Altitude, Median and Perpendicular Bisector Coincide iff Triangle is Isosceles
Theorem
Let $\triangle ABC$ be a triangle.
Then:
- the altitude from $AB$ to $C$
- the median from $AB$ to $C$
- the perpendicular bisector of $AB$
- are all the same straight line
Proof
Necessary Condition
Let $\triangle ABC$ be an isosceles triangle whose base is $AB$.
Let $D$ be the midpoint of $AB$.
By definition of isosceles triangle, $AC = BC$.
We have $AD = DB$ by construction, and $CD$ is common.
So by Triangle Side-Side-Side Congruence:
- $\triangle ACD = \triangle BCD$
From Two Angles on Straight Line make Two Right Angles:
- $\angle ADC + \angle BDC$ equals two right angles
and as $\angle ADC = \angle BDC$ they are each both right angles.
Thus $CD$ is the perpendicular bisector of $AB$.
By definition:
- As $D$ is the midpoint of $AB$, $CD$ is the median from $AB$ to $C$.
- As $CD$ is perpendicular to $AB$ and passes through $C$, which is a vertex of $\triangle ABC$, $CD$ is the altitude from $AB$ to $C$.
Thus all three lines coincide.
$\Box$
Converse Statement
Let $AC \ne BC$ in $\triangle ABC$.
Let $CD$ be the altitude from $AB$ to $C$.
From Triangle with Two Equal Angles is Isosceles, it follows that $\angle CAB \ne \angle CBA$.

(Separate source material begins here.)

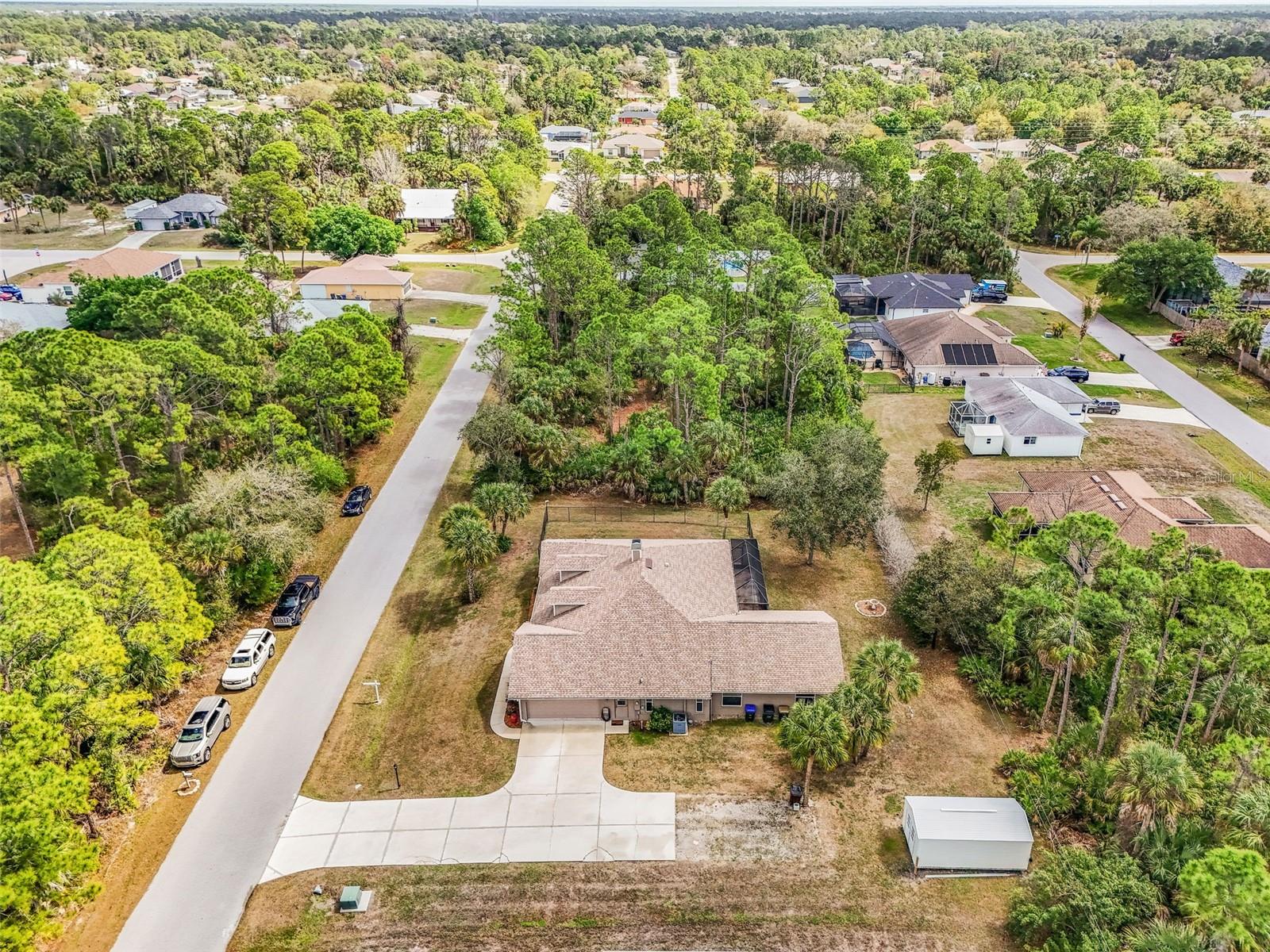 3191 ESCOBAR LN, NORTH PORT, FL, 34286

Thus $\triangle ACD \ne \triangle BCD$.
Let $E$ be the midpoint of $AB$.
Let $EF$ be the perpendicular bisector of $AB$.
By definition, $CE$ is the median from $AB$ to $C$.
Aiming for a contradiction, suppose $D = E$.
Then:
- $AD = BD$
- $AC = BC$
- $CD$ is common.
So by Triangle Side-Side-Side Congruence:
- $\triangle ACD = \triangle BCD$
But we have that $\angle CAB \ne \angle CBA$.
So by Proof by Contradiction it follows that $D \ne E$.
It follows that $CD$, $CE$ and $EF$ are all different lines.
$\blacksquare$